Economists are good at making sense of markets, trends and behaviours and tend to be experts in collecting data and analysing it. They also develop forecasts on a large variety of topics such as business cycles and employment levels.
Tech companies are increasingly hiring economists and economic teams to advise on strategy, build or improve on products, evaluate economic impacts and build brand awareness.
So why should HR directors start thinking like economists?
To use data to help employers and job seekers find each other
“We’ve quickly gone from a world where there was so little data or information on what’s going on in HR to a deluge of data today,” said Tara Sinclair, an economist with global job site Indeed.
“What we need now is to develop insights from all this information.”
Putting workforce trends into a broader context helps employers understand whether there is something specific about their recruitment
strategy or if others are facing similar challenges.
By keeping abreast of data and research trends (and even collecting their own data like economists do), HR managers can become aware of trends such as whether more individuals are looking for flexible working conditions or if candidates are looking for positions in certain locations, and can tailor their job offerings accordingly.
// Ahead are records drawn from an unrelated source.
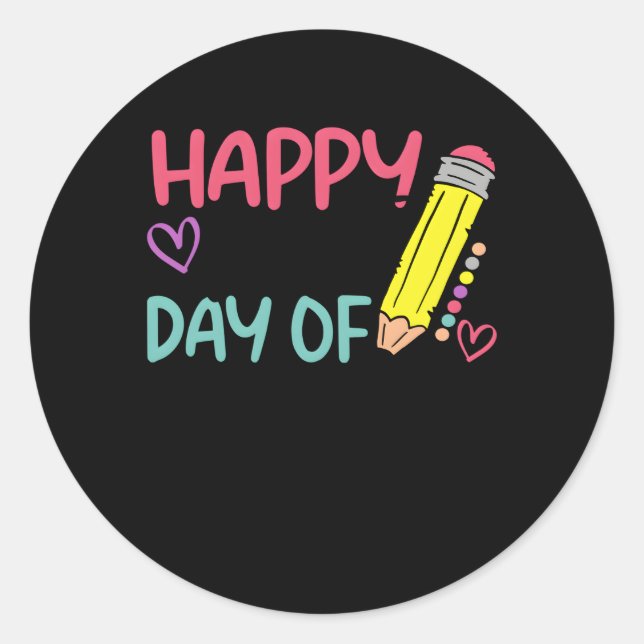 Sticker Rond Professeur De Technologie Heureux Premier Jour D'É (Devant)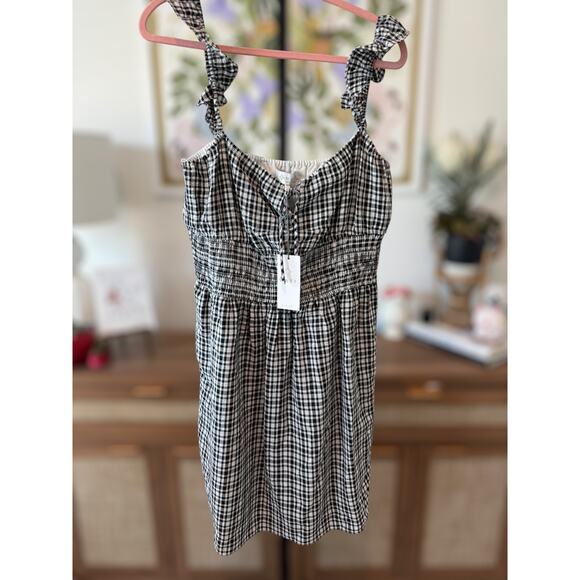 NWT Wayf Smocked Waist Gingham Checkered Ruffle Mini Dress Black Womens Size XL - Picture 4 of 9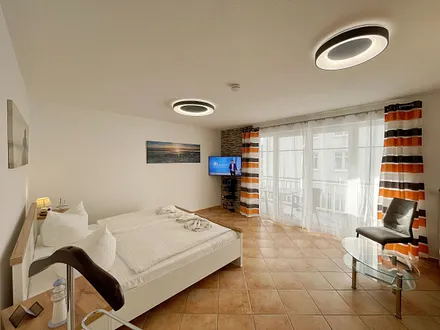 Schlafbereich mit Doppelbett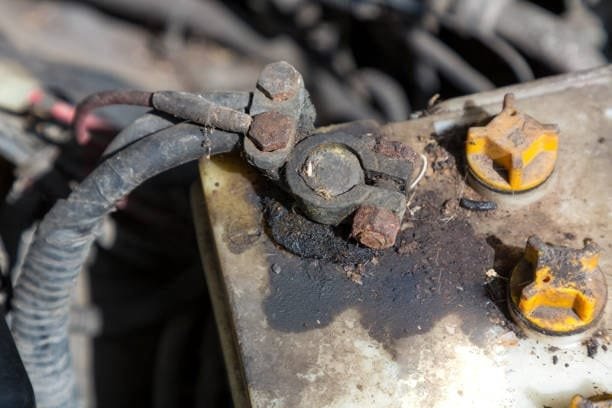 Close-up of severe corrosion and leak around car battery terminal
To build credibility and become a thought leader
Economists often use a company’s data as the basis for developing fresh insights about the sector or market the organisation operates in.
With increased competition in the marketplace, companies need to utilise research both for their human capital but also to be prepared for broader changes within the corporate environment. HR directors can communicate these findings via white papers, research reports, blog posts, articles or even by sharing snippets on social media.
To sort the myths from the truth
There are many myths that get perpetuated around the water cooler.
Having a savvy HR director who thinks like an economist and draws on hard data will inform an organisation’s knowledge about how the workforce is actually evolving. “We often hear that everyone is moving to either a start-up or a gig job,” said Sinclair.
“Nope! Actually today people are more likely to work for a large company than they were in the 1970s.
Sinclair also points to overblown myths around millennial workers being job-hoppers (“Nope!”) and the idea that technology is changing our economy faster than ever before.
“It’s true that we’ve got all sorts of new technology and more than ever before, but its growth rate is slowing and that has lots of economists concerned,” she said.
What would an economist do? It’s a question that more and more organisations are asking themselves.